• [ASSIGNED TASK] With pictures removed, output every record below exactly as written.

Short web captions:
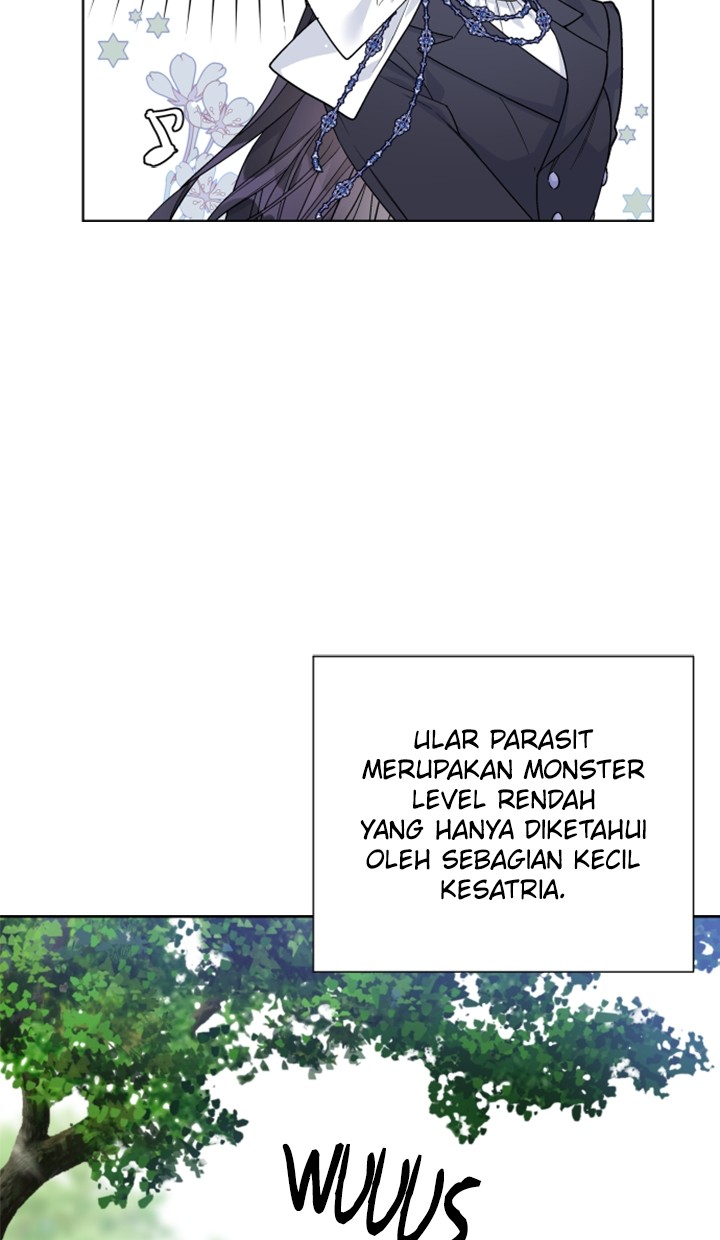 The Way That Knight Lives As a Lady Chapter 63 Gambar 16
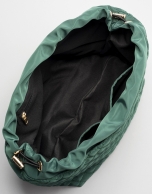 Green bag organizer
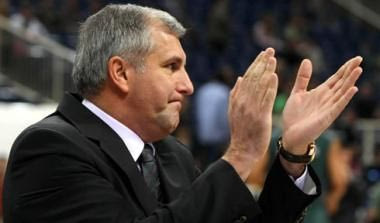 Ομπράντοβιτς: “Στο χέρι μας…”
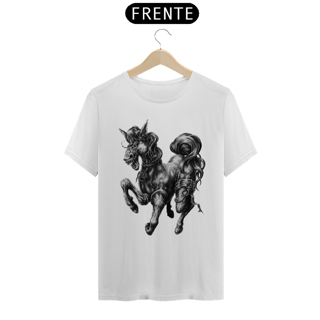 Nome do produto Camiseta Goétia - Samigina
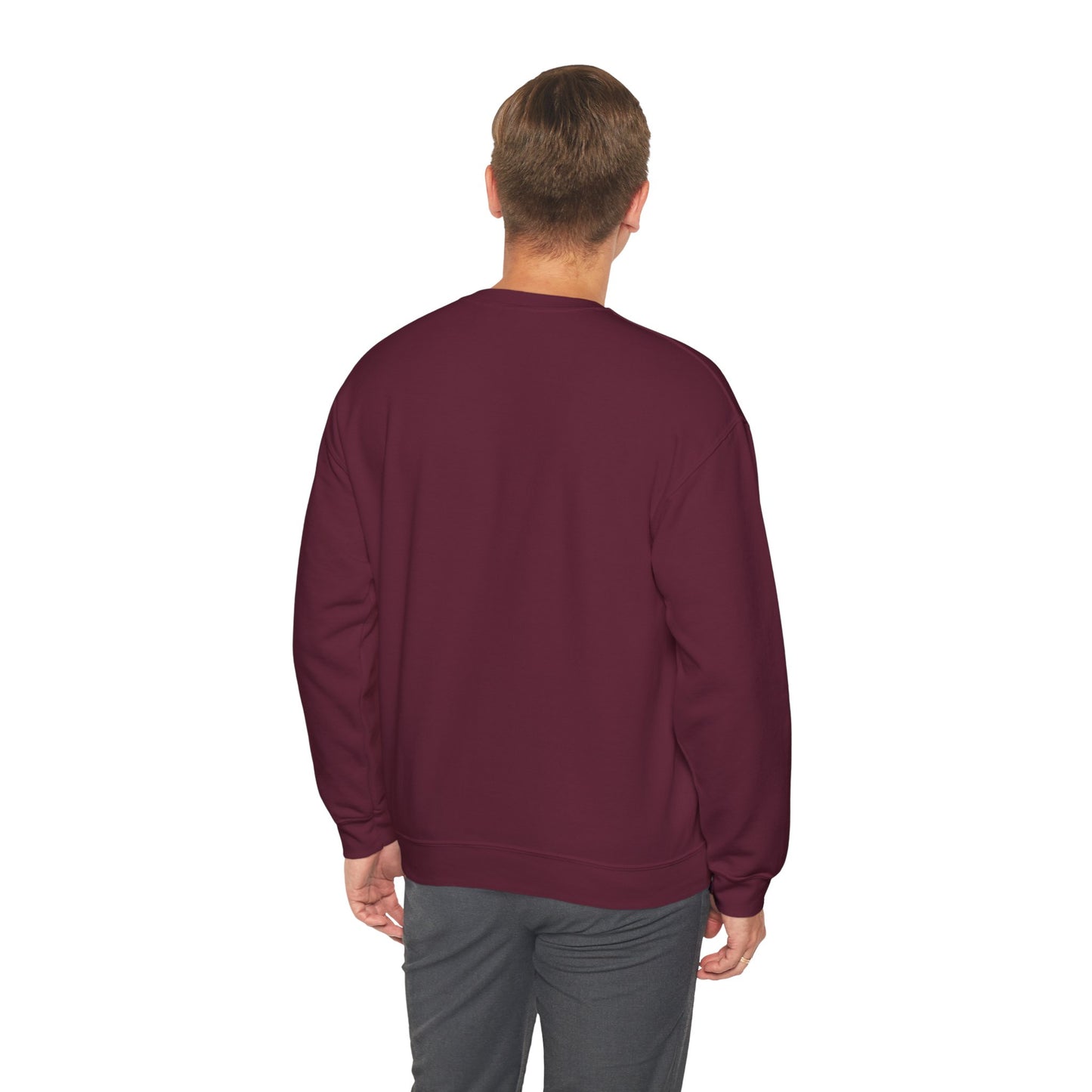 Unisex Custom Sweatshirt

• [YOUR RESPONSE]
 The Way That Knight Lives As a Lady Chapter 63 Gambar 16
 Green bag organizer
 Ομπράντοβιτς: “Στο χέρι μας…”
 Nome do produto Camiseta Goétia - Samigina
 Unisex Custom Sweatshirt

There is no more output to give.